▶ _Task item_
Exact copy, no pictures: return only the lines below from the line with "The Alpine Ridge" up to and including the line with "1N4AA6AP8HC362397 фото 3".

▶ _Exercise data_
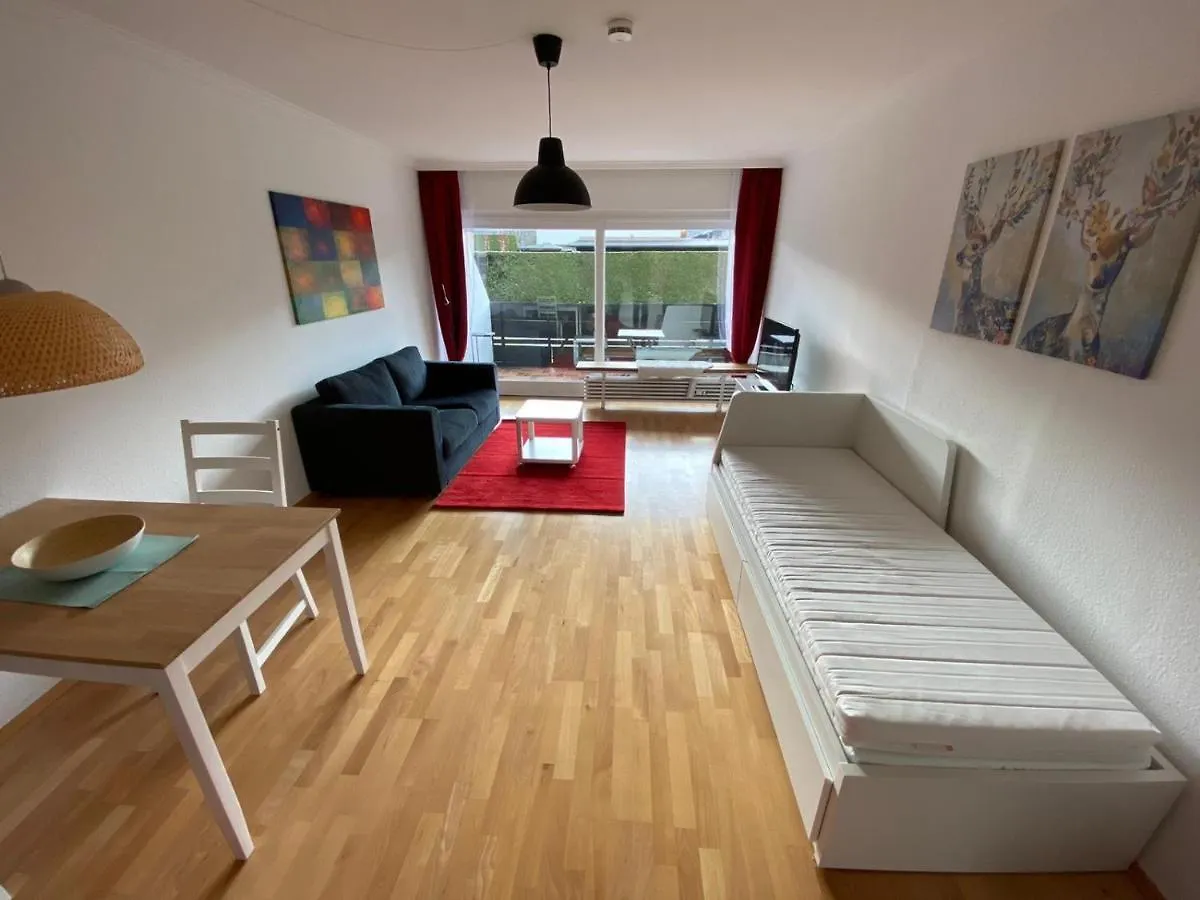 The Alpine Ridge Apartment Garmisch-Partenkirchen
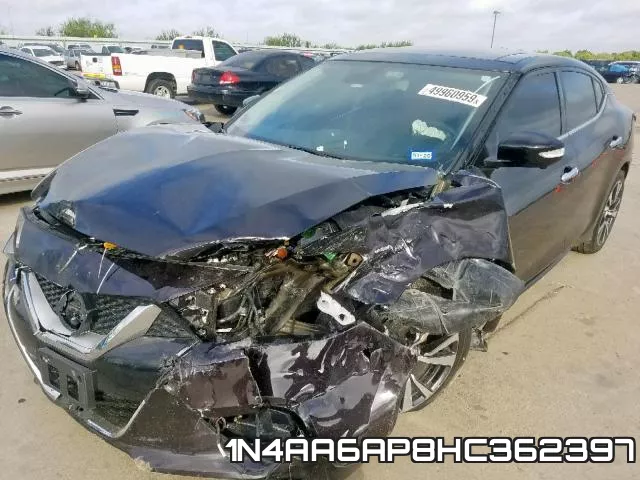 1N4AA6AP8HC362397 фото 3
==
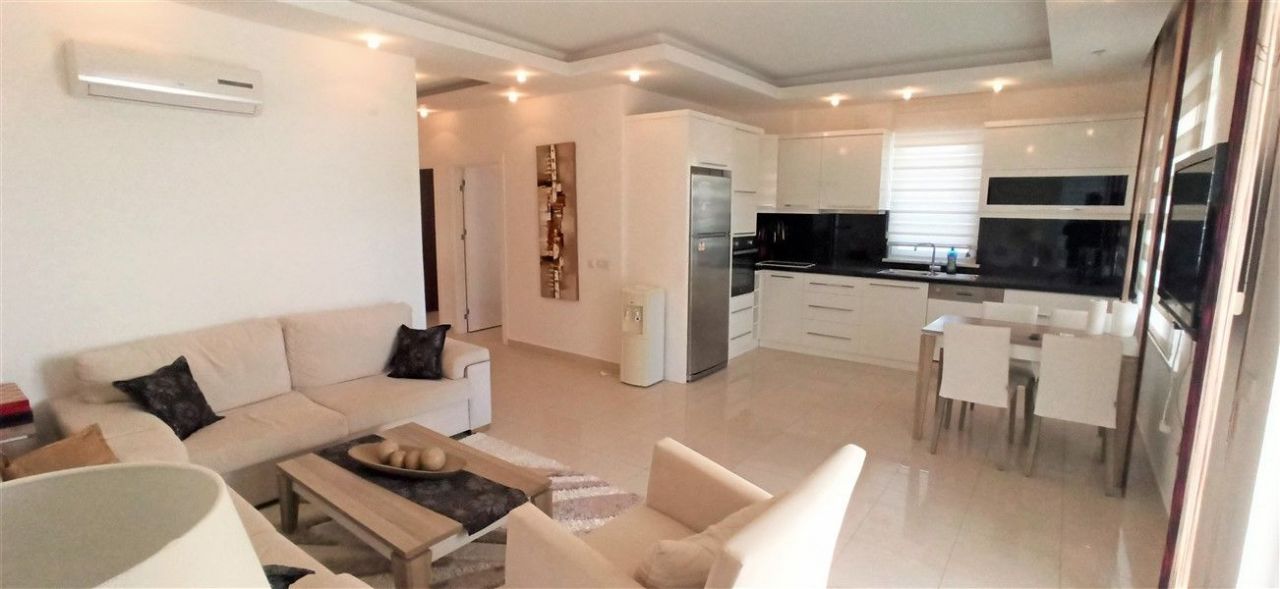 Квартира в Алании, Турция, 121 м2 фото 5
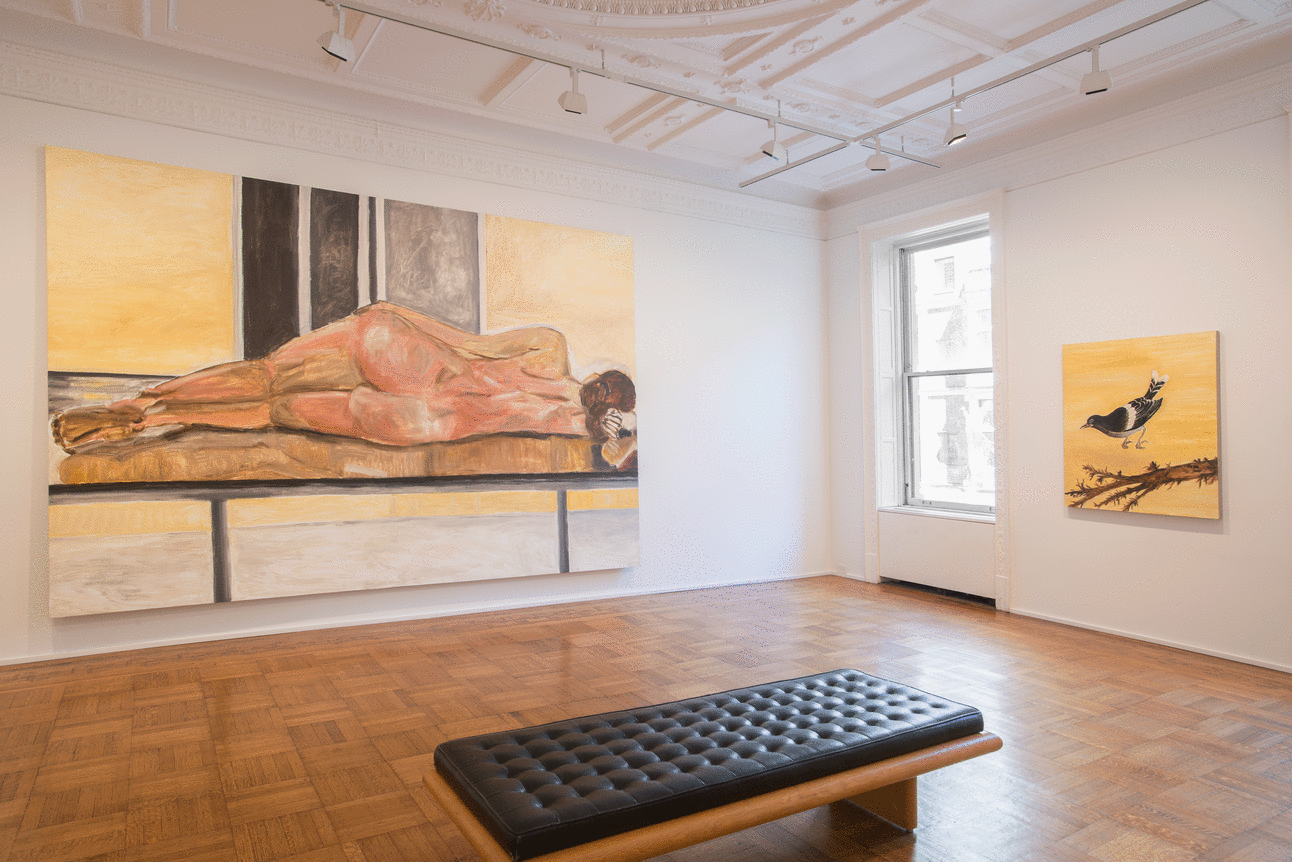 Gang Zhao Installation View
...
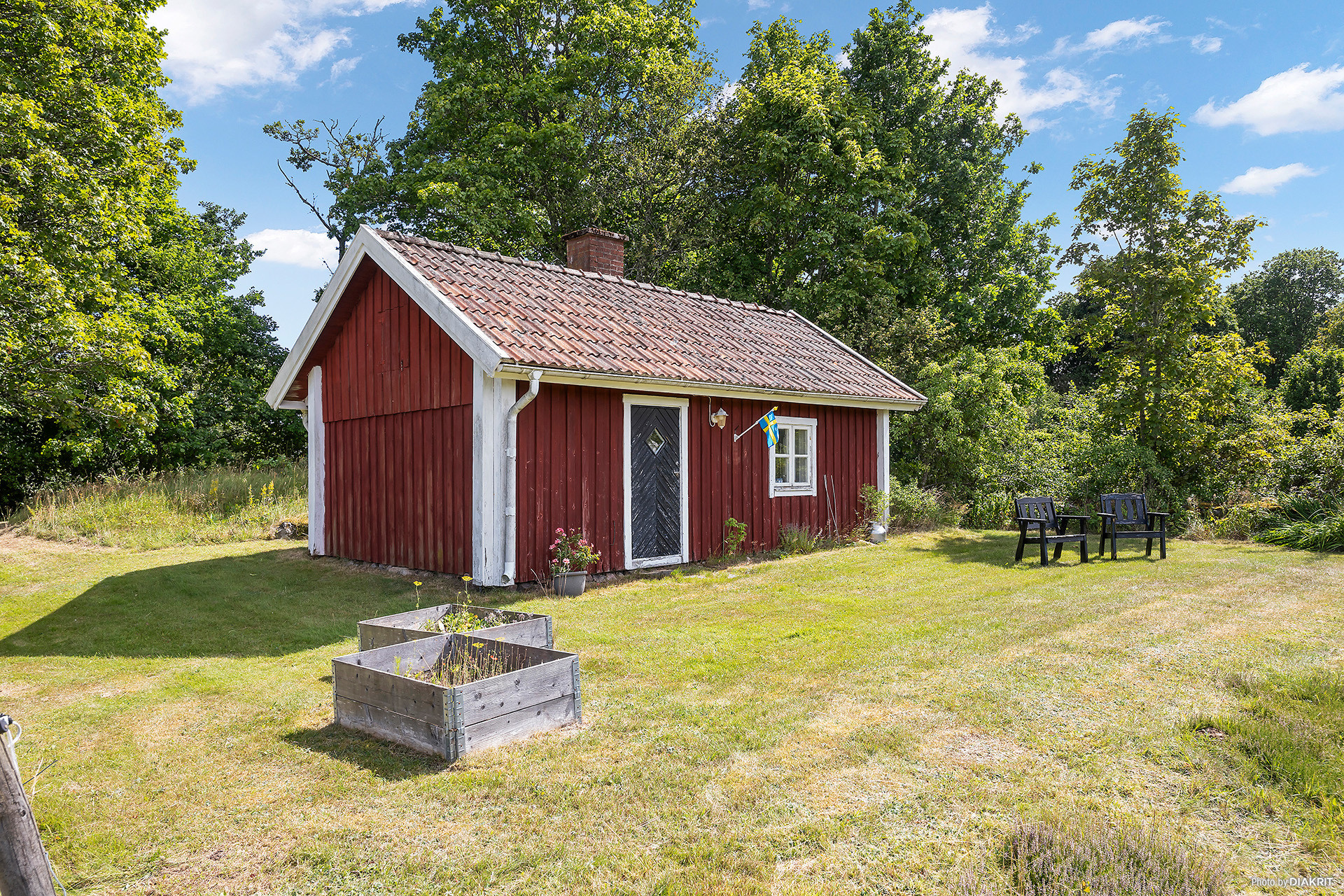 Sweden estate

▶ _Solved problem_
 The Alpine Ridge Apartment Garmisch-Partenkirchen
 1N4AA6AP8HC362397 фото 3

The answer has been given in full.